Records excerpted from a collection —
● ● ●

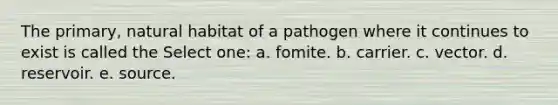 The primary, natural habitat of a pathogen where it continues to exist is called the Select one: a. fomite. b. carrier. c. vector. d. reservoir. e. source.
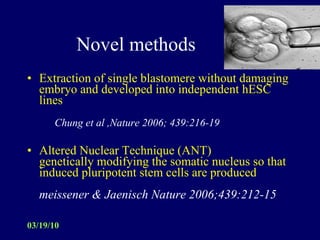 Novel methods Extraction of single blastomere without damaging embryo and developed into independent hESC lines   Chung et al ,Nature 2006; 439:216-19   Altered Nuclear Technique (ANT) genetically modifying the somatic nucleus so that induced pluripotent stem cells are produced meissener & Jaenisch Nature 2006;439:212-15  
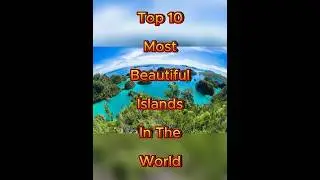 Top 10 Most Beautiful Island In The World #top10 #shortfeed #viralvideo #shorts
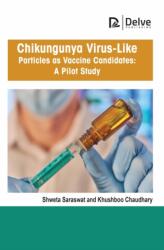 Chikungunya Virus-Like Particles As Vaccine Candidates: a Pilot Study (ISBN: 9781774695296)
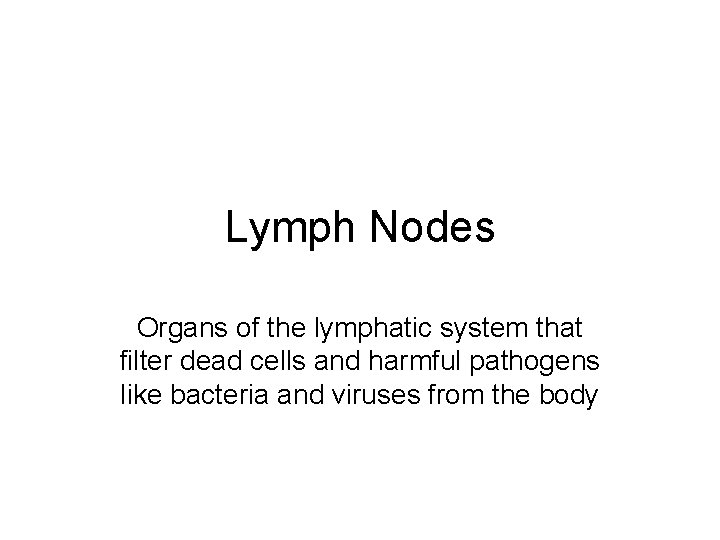 Lymph Nodes Organs of the lymphatic system that filter dead cells and harmful pathogens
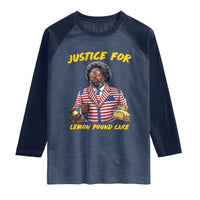 Justice for Lemon Pound Cake Funny Viral Meme Raglan Shirt Edgy Hip Hop Humor Parody Gift for Rap Fans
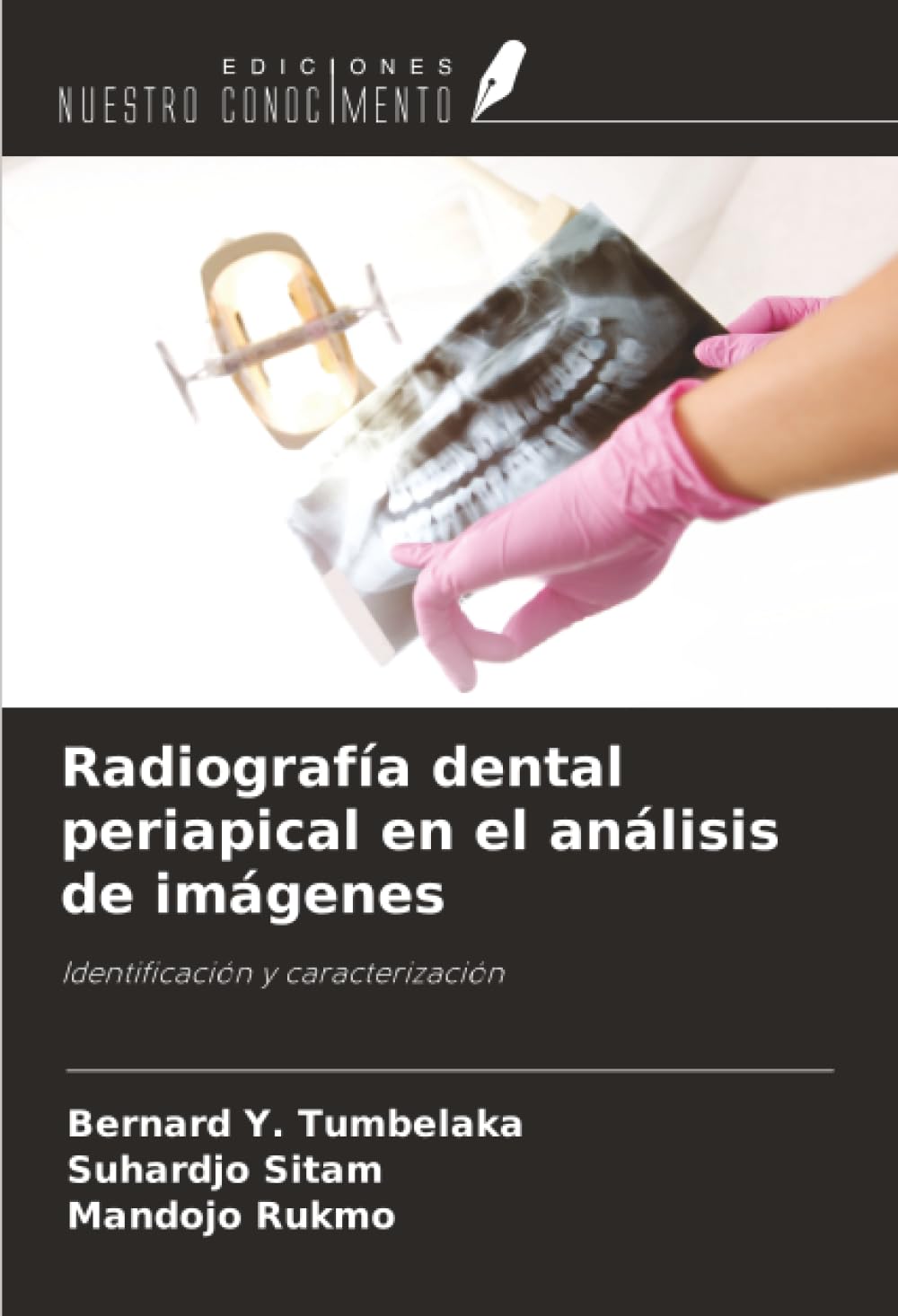 Radiografía dental periapical en el análisis de imágenes: Identificación y caracterización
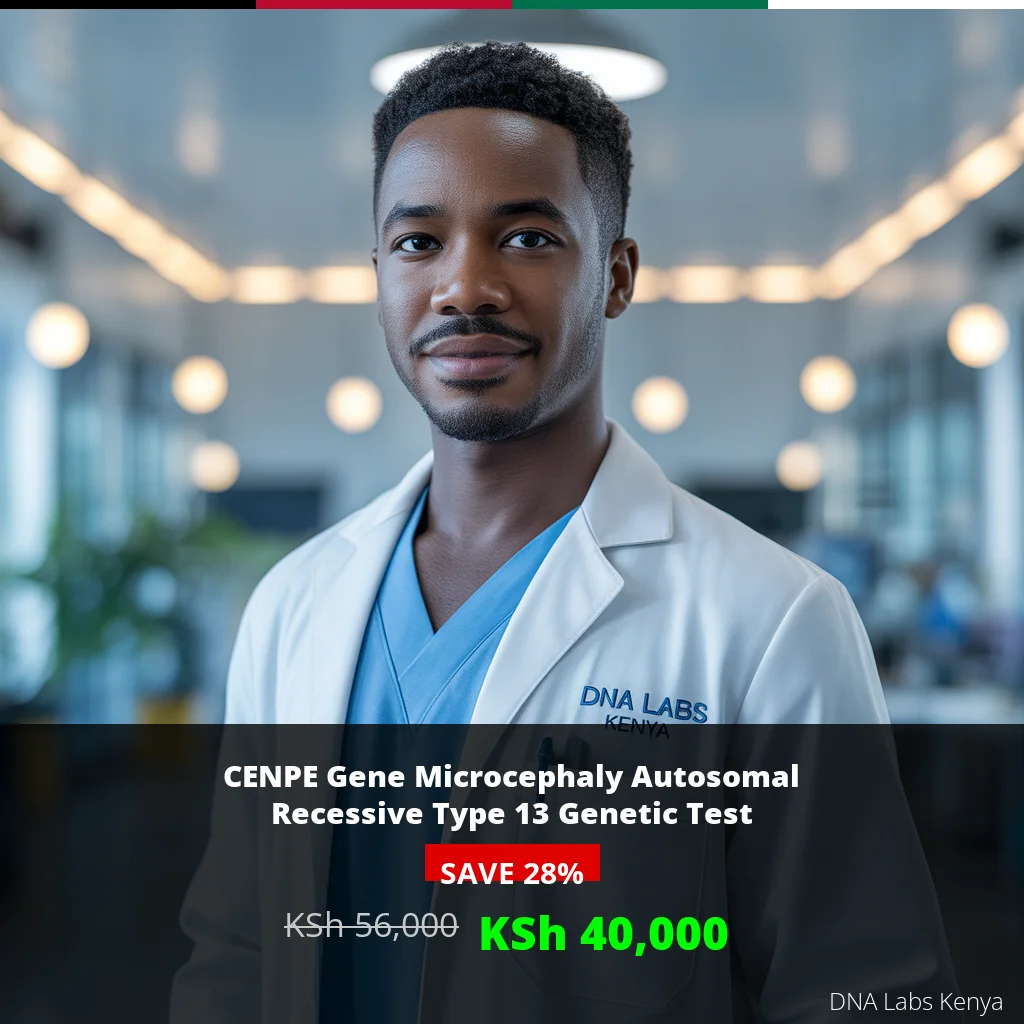 CENPE Gene Microcephaly Autosomal Recessive Type 13 NGS Genetic DNA Test - KSh 56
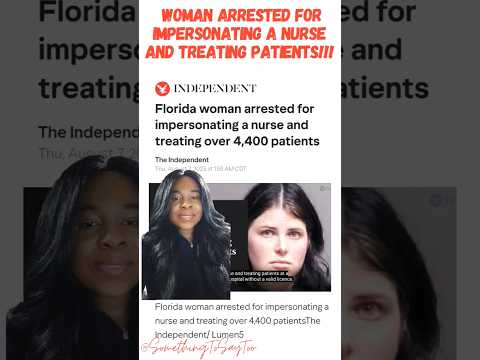 Woman In Florida Arrested For Faking Being A Registered Nurse And Treated Patients! #fake #nurse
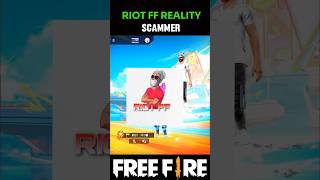 REALITY OF ( RIOT FF ) REAL SCAMMER HAI 🔥😡 #shorts #trending #viral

● ● ●

WORK TO BE COMPLETED — Repeat all entries exactly, pictures excluded.

RESPONSE —
 The primary, natural habitat of a pathogen where it continues to exist is called the Select one: a. fomite. b. carrier. c. vector. d. reservoir. e. source.
 Novel methods Extraction of single blastomere without damaging embryo and developed into independent hESC lines   Chung et al ,Nature 2006; 439:216-19   Altered Nuclear Technique (ANT) genetically modifying the somatic nucleus so that induced pluripotent stem cells are produced meissener & Jaenisch Nature 2006;439:212-15  
 Top 10 Most Beautiful Island In The World #top10 #shortfeed #viralvideo #shorts
 Chikungunya Virus-Like Particles As Vaccine Candidates: a Pilot Study (ISBN: 9781774695296)
 Lymph Nodes Organs of the lymphatic system that filter dead cells and harmful pathogens
 Justice for Lemon Pound Cake Funny Viral Meme Raglan Shirt Edgy Hip Hop Humor Parody Gift for Rap Fans
 Radiografía dental periapical en el análisis de imágenes: Identificación y caracterización
 CENPE Gene Microcephaly Autosomal Recessive Type 13 NGS Genetic DNA Test - KSh 56
 Woman In Florida Arrested For Faking Being A Registered Nurse And Treated Patients! #fake #nurse
 REALITY OF ( RIOT FF ) REAL SCAMMER HAI 🔥😡 #shorts #trending #viral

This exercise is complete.